PROBLEM DESCRIPTION =>
The output consists only of the lines from the one with "Byblos Sleeveless Red" through the end of the records, each printed exactly, and contains no pictures.

Crawled caption data =>
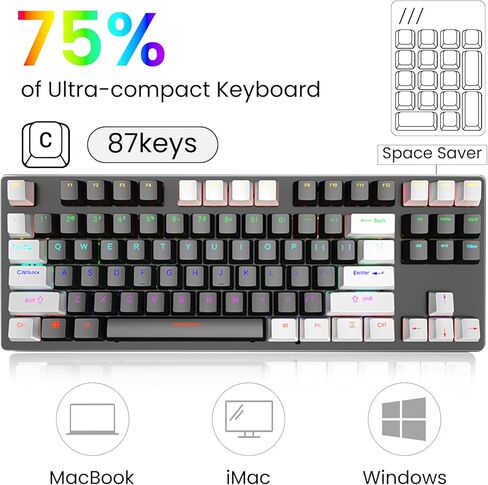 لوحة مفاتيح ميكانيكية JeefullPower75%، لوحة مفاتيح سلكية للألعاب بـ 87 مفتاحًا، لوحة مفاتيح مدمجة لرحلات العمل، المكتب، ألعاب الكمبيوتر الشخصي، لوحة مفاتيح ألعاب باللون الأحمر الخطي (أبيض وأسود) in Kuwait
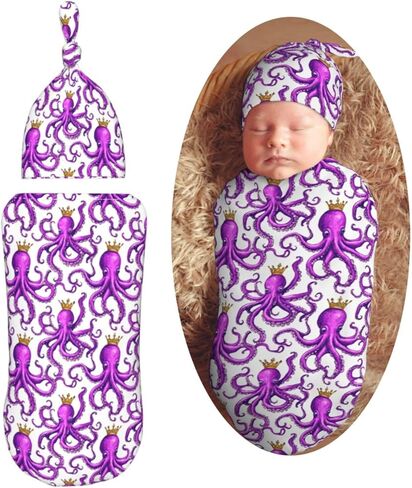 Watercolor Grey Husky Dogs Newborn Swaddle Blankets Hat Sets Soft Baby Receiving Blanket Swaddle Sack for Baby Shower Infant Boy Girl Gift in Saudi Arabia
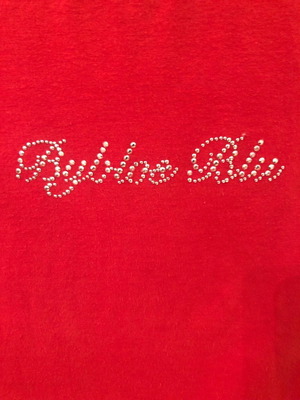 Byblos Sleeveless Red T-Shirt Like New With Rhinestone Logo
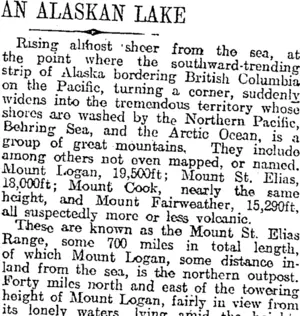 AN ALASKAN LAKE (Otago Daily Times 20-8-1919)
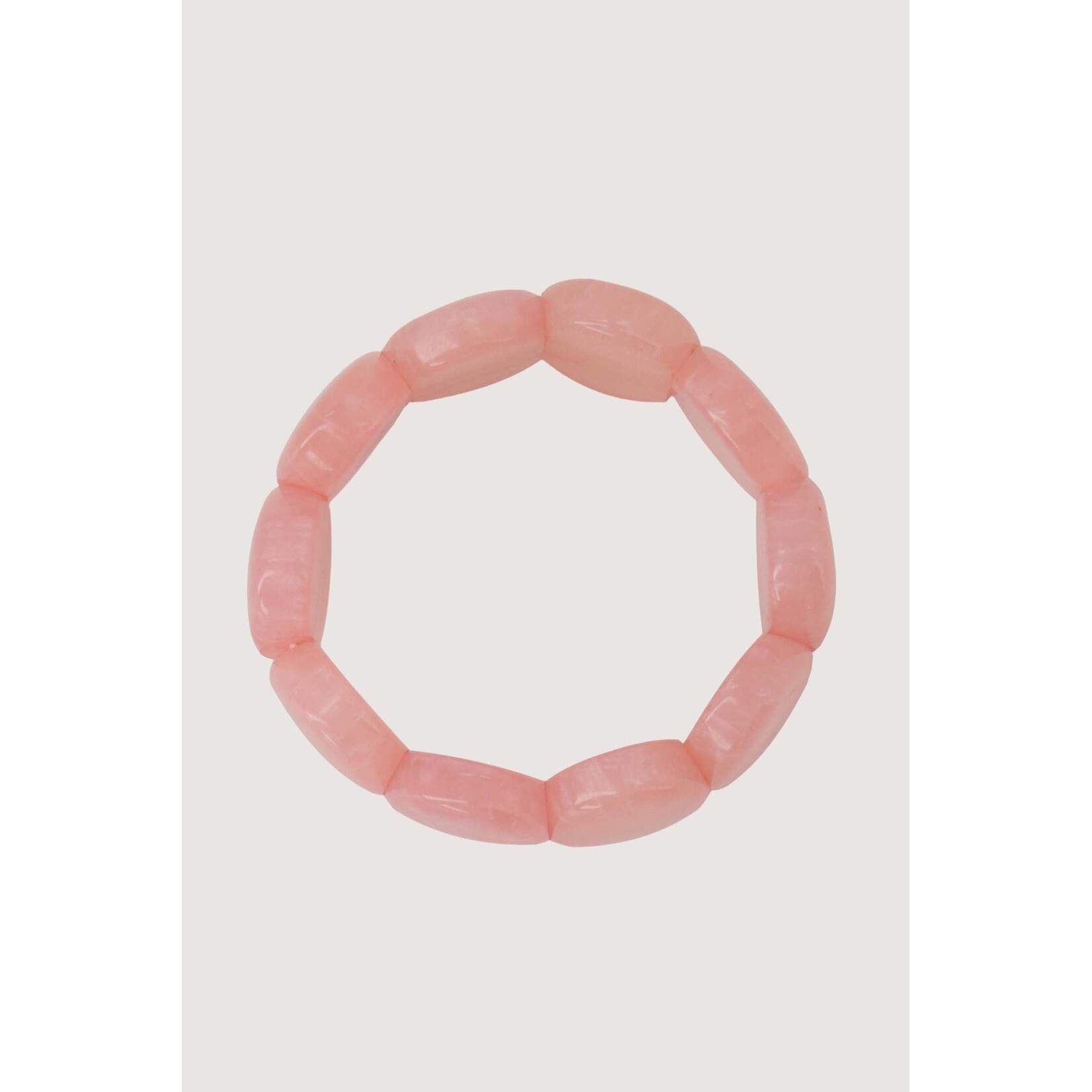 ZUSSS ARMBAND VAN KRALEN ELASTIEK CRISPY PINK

WRITTEN RESPONSE =>
 Byblos Sleeveless Red T-Shirt Like New With Rhinestone Logo
 AN ALASKAN LAKE (Otago Daily Times 20-8-1919)
 ZUSSS ARMBAND VAN KRALEN ELASTIEK CRISPY PINK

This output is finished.